(Captioned web image data)
..........
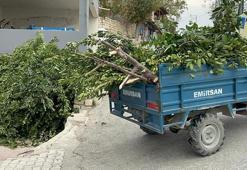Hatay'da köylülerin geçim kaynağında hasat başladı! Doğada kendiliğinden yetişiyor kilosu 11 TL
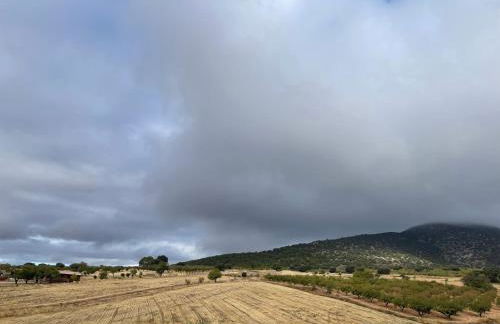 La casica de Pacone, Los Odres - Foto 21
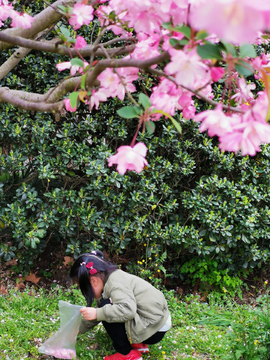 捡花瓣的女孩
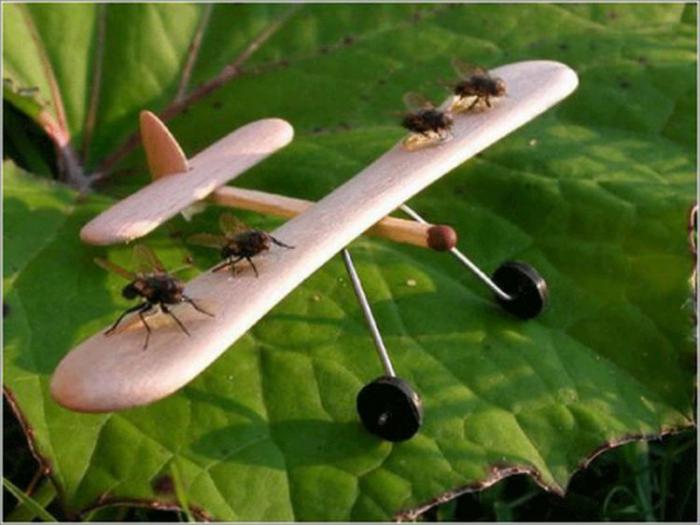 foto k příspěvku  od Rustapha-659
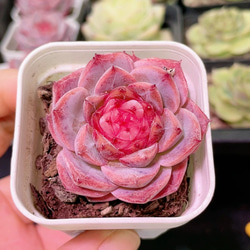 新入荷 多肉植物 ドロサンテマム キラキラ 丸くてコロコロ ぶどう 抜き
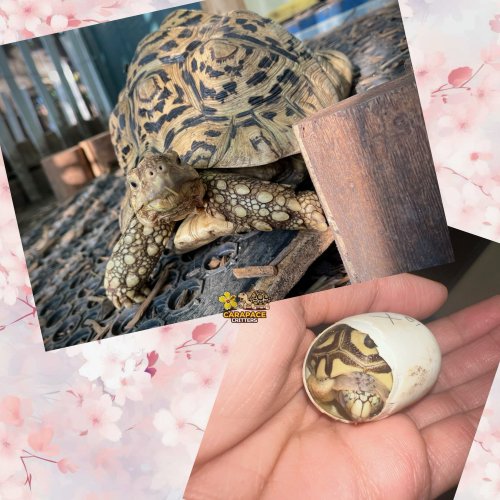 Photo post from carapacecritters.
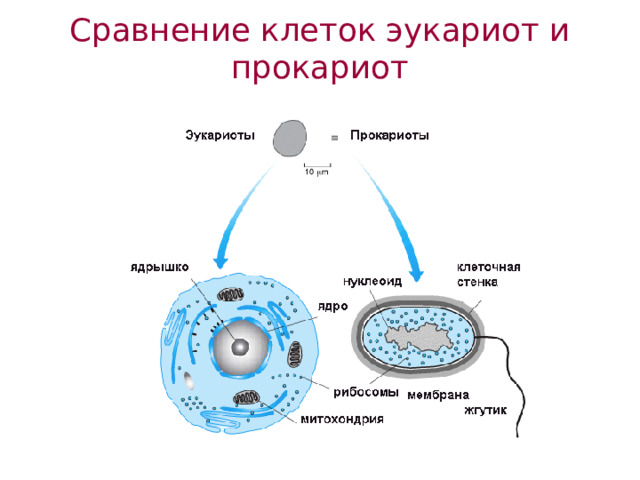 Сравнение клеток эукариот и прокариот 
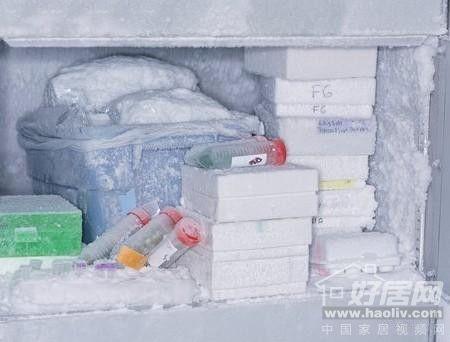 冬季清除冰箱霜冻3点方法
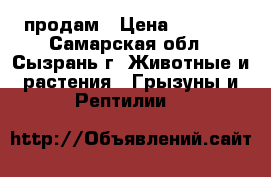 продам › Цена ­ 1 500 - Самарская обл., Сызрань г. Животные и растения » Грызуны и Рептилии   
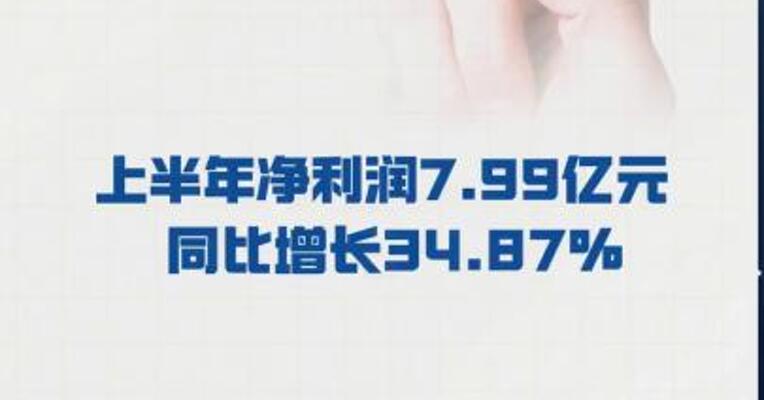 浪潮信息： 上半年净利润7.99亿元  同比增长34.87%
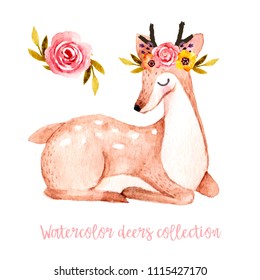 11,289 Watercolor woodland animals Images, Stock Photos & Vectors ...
..........
Task details ▸ Please set down exactly the lines from the one holding "冬季清除冰箱霜冻3点方法" through the last line of the entries, both ends included, and skip pictures.

Finished exercise ▸
 冬季清除冰箱霜冻3点方法
 продам › Цена ­ 1 500 - Самарская обл., Сызрань г. Животные и растения » Грызуны и Рептилии   
 浪潮信息： 上半年净利润7.99亿元  同比增长34.87%
 11,289 Watercolor woodland animals Images, Stock Photos & Vectors ...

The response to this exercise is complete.